Il tono della narrazione cambia completamente in I viaggi del pilota Pirx, in cui dal registro della farsa o della fiaba si passa a quello strettamente realistico; il primo racconto, Esame di volo, è un ricapitolo dettagliato del modo in cui si poteva al tempo immaginare una missione spaziale dalla Terra all’orbita lunare, con una profusione di dettagli assolutamente entusiasmante per gli appassioni di astronautica. Anche i successivi coniugano il realismo dell’azione e della trama, con problemi legati all’esplorazione dello spazio esterno, con paradossi chiaramente ignorati, come le dimensioni dell’universo e i limiti della velocità della luce.

L’enigma, pubblicato nel 1996, racchiude racconti realistici (nel senso che non sono ironici né paradossali) pubblicati sino dagli anni Cinquanta, a partire da Il ratto nel labirinto (1956), non compresi in altri cicli narrativi: è forse l’esempio migliore dell’età più feconda di Stanisław Lem, quella che dal disgelo dopo la morte di Stalin arriva fino ai primi anni Sessanta, e che ci regalerà anche Solaris oltre ai cicli più famosi.
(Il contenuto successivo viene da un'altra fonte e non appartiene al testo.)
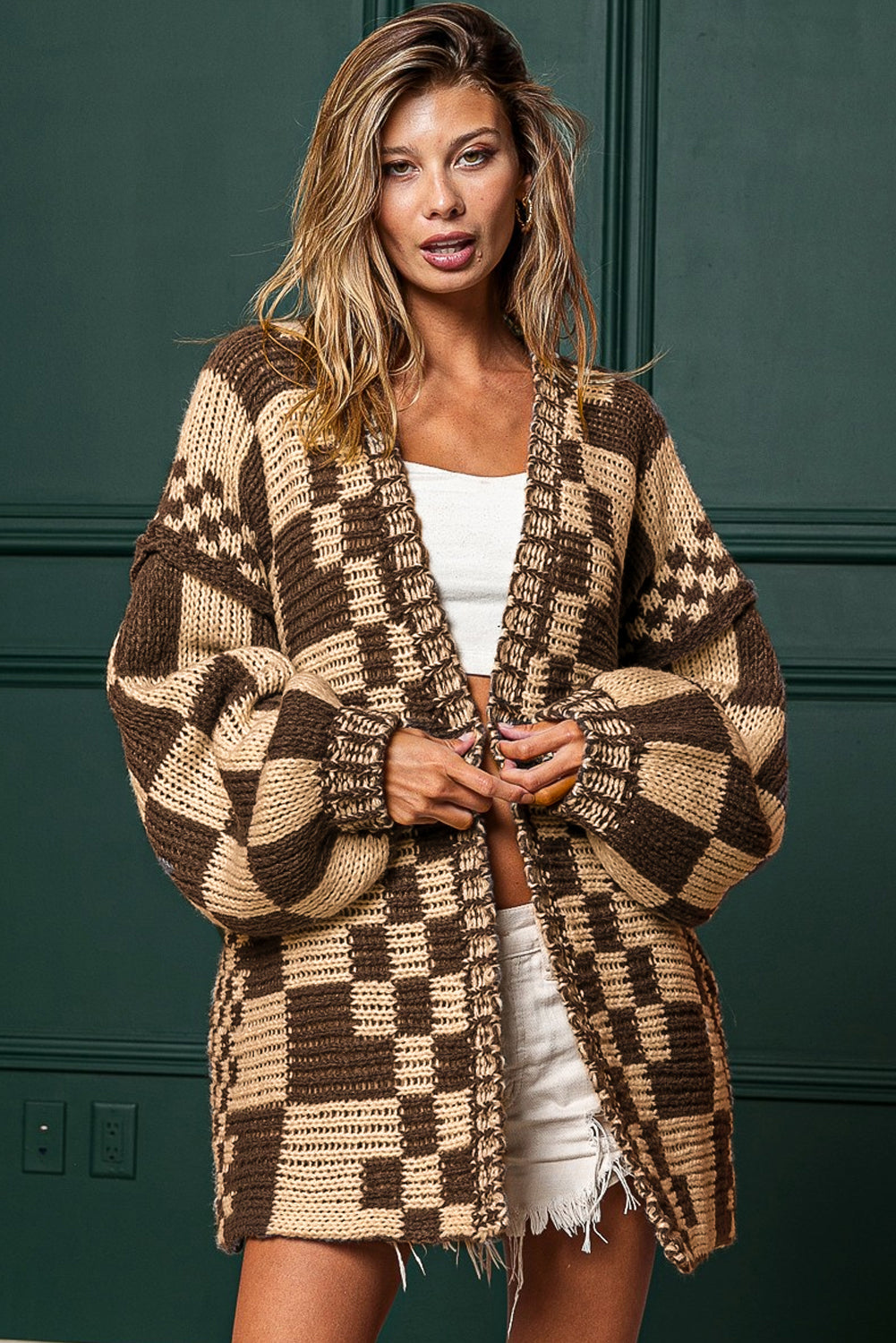 Smoke Gray Colorblock Checked Open Front Knitted Cardigan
Non è un caso che nei racconti di questa antologia, che raccontano un “primo contatto” con una civiltà extraterrestre, già compaiano dei simulacri di esseri umani che sembrano rappresentare un tentativo di comunicazione tra razze; Solaris porterà in seguito a perfezione questo topos caratteristico di Lem, in equilibrio tra empatia possibile e totale incomprensione.

 

Lem raccontò di aver scritto Solaris, pubblicato nel 1961 per la casa editrice del Ministero della Difesa polacco, durante un periodo trascorso alla foresteria dell’associazione scrittori a Zakopane, località turistica sui monti Tatra al confine con la Cecoslovacchia: pressato da una serie di impegni editoriali dopo la traduzione in tedesco di due suoi romanzi, vi si era volontariamente ritirato per una serie di sessioni di scrittura intensiva. Sostenne di aver scritto il romanzo, che diversi anni più tardi gli avrebbe dato fama e visibilità in tutto il mondo, mentre era in preda a una sorta di “trance ipnotica” durante la quale non sarebbe stato in completa padronanza di ciò che produceva — come se Solaris si sia scritto di propria spontanea volontà, al punto che l’autore non sarebbe riuscito in seguito a interpretare l’enigma da lui stesso creato, al pari dei suoi personaggi che si struggono nel disciplina della solaristica per spiegare l’enigma dell’oceano-pianeta senziente.

Un autentico salto di prospettiva rappresenta il passaggio alla seconda parte di Universi, che occupa solo le ultime 350 pagine del volume e che rappresenta, come scrive Lorenzo Pompeo nell’introduzione, “una crescente insofferenza nei confronti della ‘fabularizzazione’, ovvero, della faticosa trasformazione della concezione originale in narrazione”. Così, da autore di fiction reale, Lem si trasforma in autore di fiction potenziale, saltando la fase della scrittura per concentrarsi sulla trama e sul significato, sull’interpretazione piuttosto che sulla rappresentazione.

Le due raccolte Vuoto assoluto (1971) e Grandezza immaginaria (1973) sono variazioni intorno a un artificio letterario che nel nostra paese è conosciuto soprattutto grazie a Jorge Luis Borges: mi riferisco al magnifico L’accostamento ad Almotasim contenuto in Finzioni. È risaputo che lo scrittore argentino non ha mai scritto un romanzo intero, mentre ha architettato recensioni di libri inesistenti, dei quali racconta la trama che contiene anche una critica che dice molto della letteratura dei suoi tempi.

Vuoto assoluto è per l’appunto una collezione di recensioni apocrife di libri che esistono solo nella mente di Lem, ma che fioriscono incredibilmente nella testa del lettore grazie a recensioni sarcastiche, brillanti, profonde e dettagliate, un tour-de-force di bravura che, come per Borges, arriva a rendere inutile la scrittura del libro perché tutto è già racchiuso nella sua critica.

E così l’ultima parte del volume, Biblioteca del XXI secolo, che comprende solo due testi, è una raccolta di conferenze in pubblico che in realtà sono a loro volta apocrifi.